セックスワーカーが客や警官から上で述べたようなさまざまな被害にあっても、セックスワーカーはこうした警察には行きにくいし、社会的にも孤立しているために声を上げることは難しいのです。
とくに大陸から越境してきた女性の場合は、仕事をすること自体が「逗留条件」に違反していて違法であるために、被害にあってもとりわけ警察に行きにくかったり、警官の恐喝にも抵抗しにくいなど、とくに危険にさらされやすいです。フィリピンから来た女性の場合は、ダンサーとして入国するのですが、英語力が劣っている人がいたり、酒場でずっと長時間働いていて、労働時間以外は代理人が手配した住居に集まって住んでいるために、社会的に孤立しやすいということも書かれています。

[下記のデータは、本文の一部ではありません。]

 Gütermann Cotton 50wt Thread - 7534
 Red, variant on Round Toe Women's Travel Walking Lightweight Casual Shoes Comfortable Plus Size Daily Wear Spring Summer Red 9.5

2.香港警察のセックスワーカーに対する態度についての調査(『青鳥就香港警員對待性工作者態度之調査』中国語版│英語版[いずれもPDFファイル]2005年7月)
こちらの報告書は、とくに警官の問題に絞って、その無礼さや不合理な応対、不合理な逮捕、逮捕・拘留期間における権利の剥奪について詳しく報告しています。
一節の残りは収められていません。